Autor: Hernández Domínguez, Abel. 
   La renuncia de Don Juan     
 
 Informaciones.    10/05/1977.  Páginas: 1. Párrafos: 7. 

La renuncia de don Juan

Por Abel HERNÁNDEZ

LA cesión de don Juan de Borbón de sus derechos dinásticos es un valioso elemento de estabilización política cuando se barruntan en el horizonte preelectoral serios intentos desestabilizadores.

En fuentes dignas de crédito se nos asegura que la decisión de elegir este momento para hacer cesión de sus derechos históricos ha sido exclusivamente del Conde de Barcelona. No es cierto, por tanto, que el acontecimiento se haya fraguado en Madrid. Presumiblemente, don Juan ha cambiado impresiones antes (las conversaciones telefónicas entre Estoril y La Zarzuela son frecuentes) con su hijo el Rey, don Juan Carlos.

¿Por qué ha elegido tácticamente el Conde de Barcelona este momento, exactamente un mes antes de las elecciones? Reiteradamente, el jefe de la Casa Real española ha declarado que cedería sus derechos dinásticos en favor de su hijo, el joven Rey, en el momento oportuno. Para el Conde de Barcelona, el momento oportuno era cuando la democracia y la Monarquía constitucional estuvieran arraigadas en España. Piensa que esto ya ha ocurrido. Esto quiere decir que don Juan tiene seguridad de que estos son los propósitos firmes de su hijo y del presidente Suárez.

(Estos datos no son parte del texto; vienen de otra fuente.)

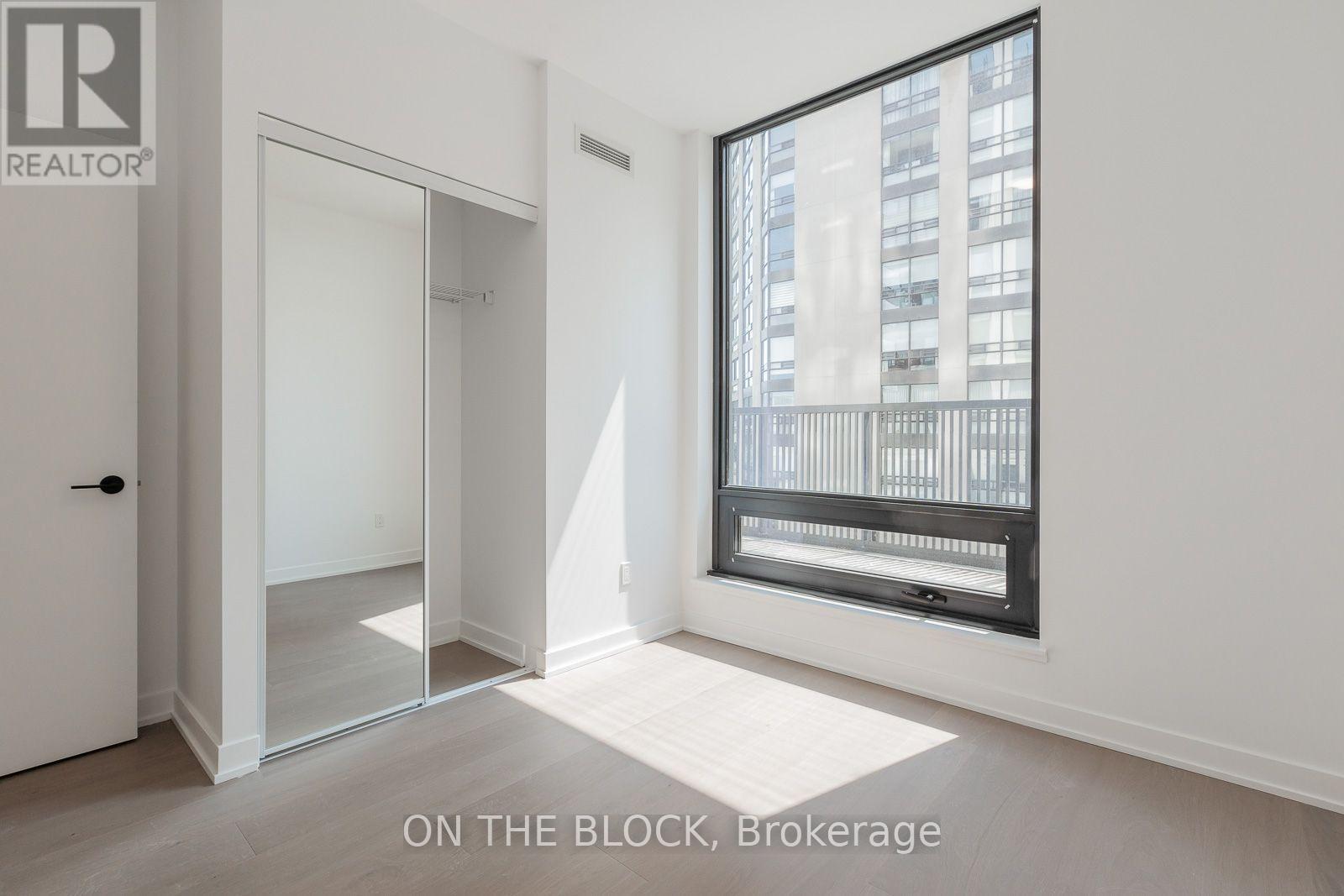 830 - 91 Montclair Avenue, Toronto, Ontario  M5P 0B1 - Photo 17 - C13647864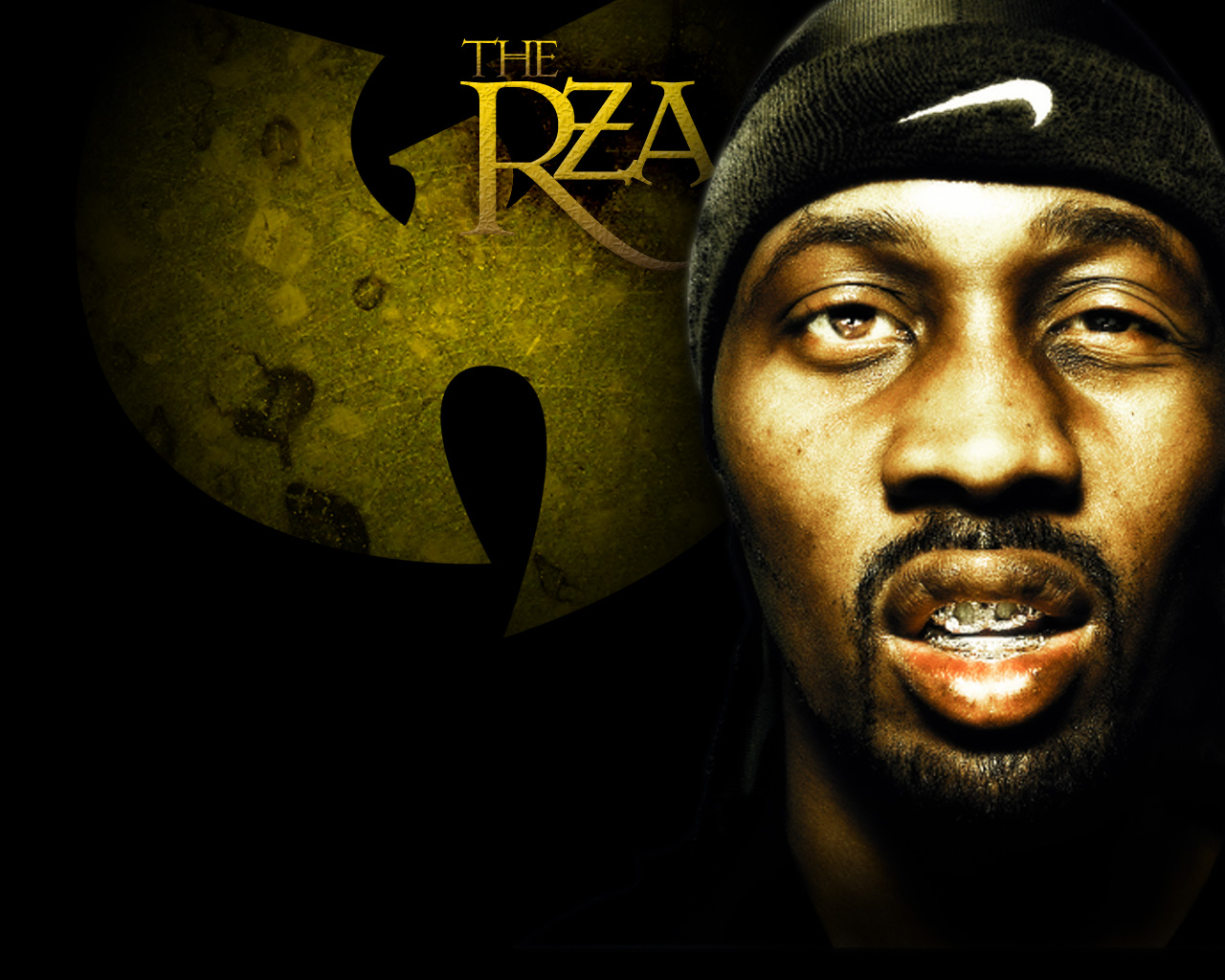 rza-gossip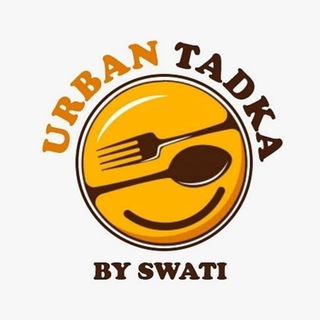 UrbanTadka By Swati/Cooking Channel Telegram Group Link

De alguna manera, con esta decisión histórica en estos momentos, el Conde de Barcelona da un voto de confianza a la limpieza de las próximas elecciones, que van a ser la puerto abierta a la democracia y a unas Cortes constituyentes. Los servicios de información de don Juan son buenos. Una decisión de este tipo no se hace a la ligera. El beneficiado inmediato es el presidente Suárez, que acaba de anunciar su comparecencia a las urnas, al frente de las fuerzas del centro. Parece concluirse que si el Conde de Barcelona no juzgara prudente u oportuna esta comparecencia electoral del primer ministro o temiera por la pureza de las elecciones habría esperado a después.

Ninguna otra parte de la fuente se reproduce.